O clima entre passageiros e funcionários das empresas aéreas nesta madrugada no Aeroporto de Congonhas, na zona sul da capital paulista, era de tranqüilidade após um dia de caos em quatro dos principais aeroportos do País. Uma falha no sistema de comunicação de rádio do Cindacta -1, em Brasília, fez com que pousos e decolagens fossem suspensos por duas vezes ontem em São Paulo, Rio de Janeiro, Minas Gerais e Distrito Federal.

Até a meia-noite, o movimento de passageiros em Congonhas era intenso.
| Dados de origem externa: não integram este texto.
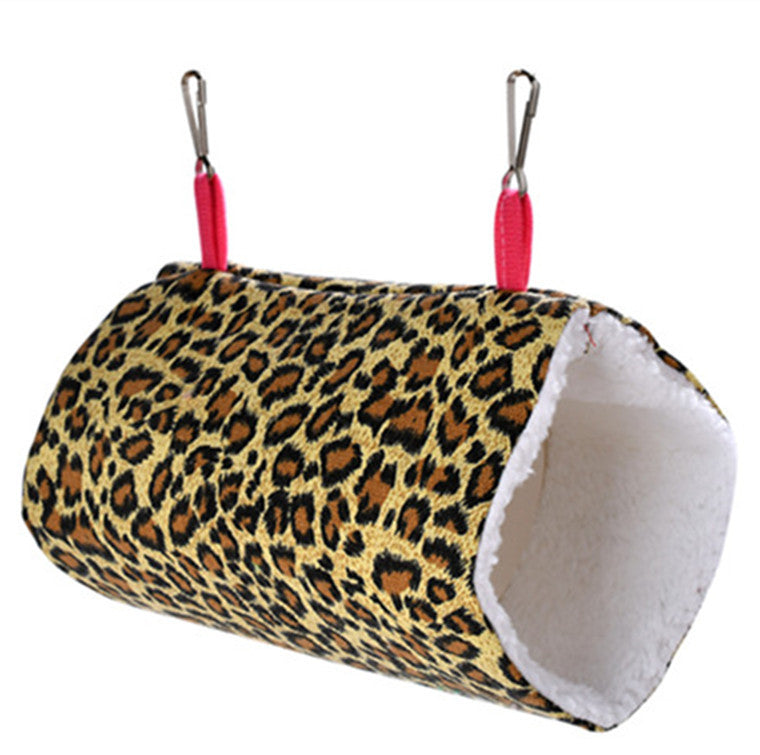 Small Pet Warm Tunnel Hammock Hanging Bed Ferret Rat Cages Pet Toys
Com o anúncio nos alto-falantes do aeroporto, às 20h40, de que nenhum avião com horário posterior às 19 horas decolaria, formaram-se grandes filas, principalmente nas empresas TAM e Gol para remarcação de passagens.

A partir do início da madrugada, a maioria destas pessoas começou a ser encaminhada para hotéis. Por volta das 4 horas, o que se via em Congonhas eram passageiros se acomodando nas cadeiras e no chão do saguão do aeroporto, dormindo como podiam.

"Tem que dormir aqui, porque não deram hotel, não tem vaga, não tem nada, disse Jussara de Lima, de 43 anos, professora que estava com seus dois filhos, de 10 e 4 anos, dormindo no chão do aeroporto.

A situação em Congonhas pode voltar a ficar complicada a partir das 6h30 desta manhã, pois haverá o acúmulo de passageiros, que deveriam ter embarcado ontem e remarcaram vôos para manhã de hoje, e de pessoas que já estão com vôos pré-agendados, conforme os bilhetes comprados.

Já no Aeroporto Internacional de São Paulo, em Cumbica, Guarulhos, às 4h50 desta madrugada eram registrados atrasos em cinco chegadas, uma delas de uma aeronave da Gol, de vôo 1661, partindo de Recife, que deveria ter pousado às 23h45, mas até às 4h30 ainda não havia chegado. Em relação às decolagens, havia o registro apenas de dois vôos em atraso, um da TAM com destino a Cuiabá(MT), e outro da Varig, que seguirá para Buenos Aires.